Later that summer hit and got beached on a few rocks. Wasn't even going fast enough to plane. But must have hit it just right in an already compromised spot on my hull bottom. It's amazing how fast a 1" x 1/4" size hole can fill a boat with water. Didn't even realize I had put a hole in the hull until I noticed my sandals floating in water on the boat floor. Was able to get off the rocks and to shore pretty quickly though. Got it welded back up that week and was back on the water by the following weekend.















Busted up my drain hole on yet another rock on opening day of goose season this past fall. Wasn't as bad as my first two incidents above, but enough that it leaked pretty good. After welding it, poorly, it fixed the leak but the crappy weld caused me bad cavitation issues. Went back and cleaned up the welds and now all is good.

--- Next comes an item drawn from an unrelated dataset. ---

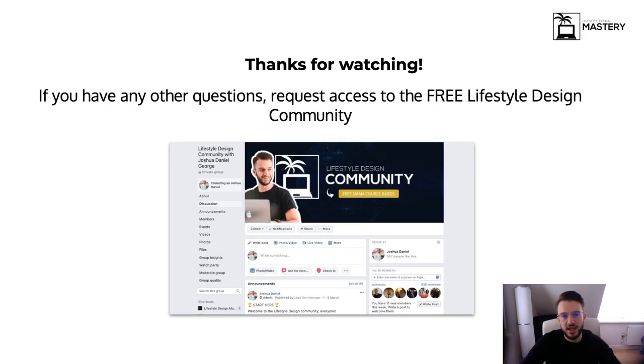If you want to look into the coaching program, I'll leave a link in the description where you can hop on a free discovery call with either me personally or Elliot, my head of operations. We don't take on everyone — if we don't think we can actually help you, we won't take you on. If you have more questions or want to start with a free social media marketing beginner course, it's all available in the Lifestyle Design Community, a free Facebook group where we connect with like-minded people. Thanks for watching, please subscribe, leave a thumbs up, and I'll see you in the next one.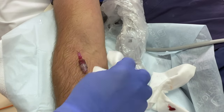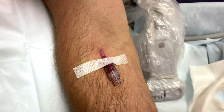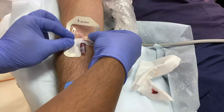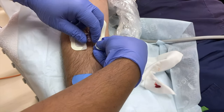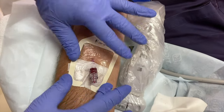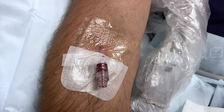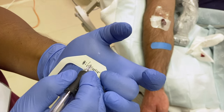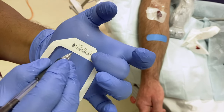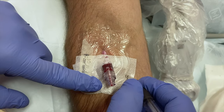Clean away all remaining gel carefully and apply dressings, ensuring the insertion site and colour of the cannula remain visible. Please do not forget to document the date, indicate ultrasound guidance and aseptic technique on the labels.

I have a nice dent in my center keel about 2 feet or so in front of the transom that was put there sometime during this past winter/duck season. Haven't had the chance to inspect it really well yet with all the snow and cold weather, but I'm sure that'll be the next spot to open up. If it survives this spring/summer I'll have to address it before hunting season. Definitely don't want to open up the hull with air temps in the teens and water temps near freezing!!


----------



## Brian J (Mar 9, 2015)

Had a little mishap coming home from a tournament one day. Pucker factor was pretty high for a few seconds, but fortunately nothing or no one was hurt. Welded trailer back together with bracing on inside and outside of break, re-wired trailer, had cover repaired, and was back on the river the following weekend. Boat was not harmed.


----------



## Abraham (Mar 9, 2015)

That's awesome. You should tell the story for all of our sakes.


----------



## ramrod1 (Mar 10, 2015)

Riverdog said:


> Here's something I saw on youtube.
> 
> [youtube]7bUP7dAsao0[/youtube]
> 
> ...




That is great!


----------



## RiverBottomOutdoors (Mar 10, 2015)

Brain....I don't know if that's bad luck or good luck! Holy crap...not even a scratch on the boat!


----------



## Lil' Blue Rude (Mar 10, 2015)

And that's why I bought the heavy duty trailer for my little boat. lol


----------



## Riverdog (Mar 10, 2015)

Brian J said:


> Had a little mishap coming home from a tournament one day. Pucker factor was pretty high for a few seconds, but fortunately nothing or no one was hurt. Welded trailer back together with bracing on inside and outside of break, re-wired trailer, had cover repaired, and was back on the river the following weekend. Boat was not harmed.
> 
> 
> 
> View attachment 1



Did that trailer have a made in china tag? LOL



BigTerp said:


> Here is what I've managed to do to mine over the past year.
> 
> Completely destroyed my foot last spring. Was fishing the local river and it was up due to spring rains. Found a nice looking cove and proceeded to run back it. Thought it was free flowing river, but it was actually stagnant water that was accessible because the river was up, so no riffles to indicate rocks. Smacked a pretty big rock at full throttle (around 28mph) that was only about and inch or two below the water surface. Below are the results.
> 
> ...



I hate those rocks just under the surface. Hit one at almost full throttle, thought I put a good dent in the bottom of the boat. Turns out, only the jet foot hit. Only had to replace the grates thankfully.


----------



## brianb2247 (Mar 10, 2015)

it sucks when you hit a rock and you and your gear pile on top of your buddie in the front of the boat


----------



## PSG-1 (Mar 11, 2015)

All these nasty pictures of rock strikes remind me of why I stay below the eastern seaboard fall line with my jet boat! :shock: 

I've been tempted to cross lateral steps and rapids in the Santee and Great Pee Dee Rivers, but thought better about it. Think I'll just kayak and raft those sections that have rocks, and I'll keep the jet boat down here in the swamps and marshes of the coastal floodplain.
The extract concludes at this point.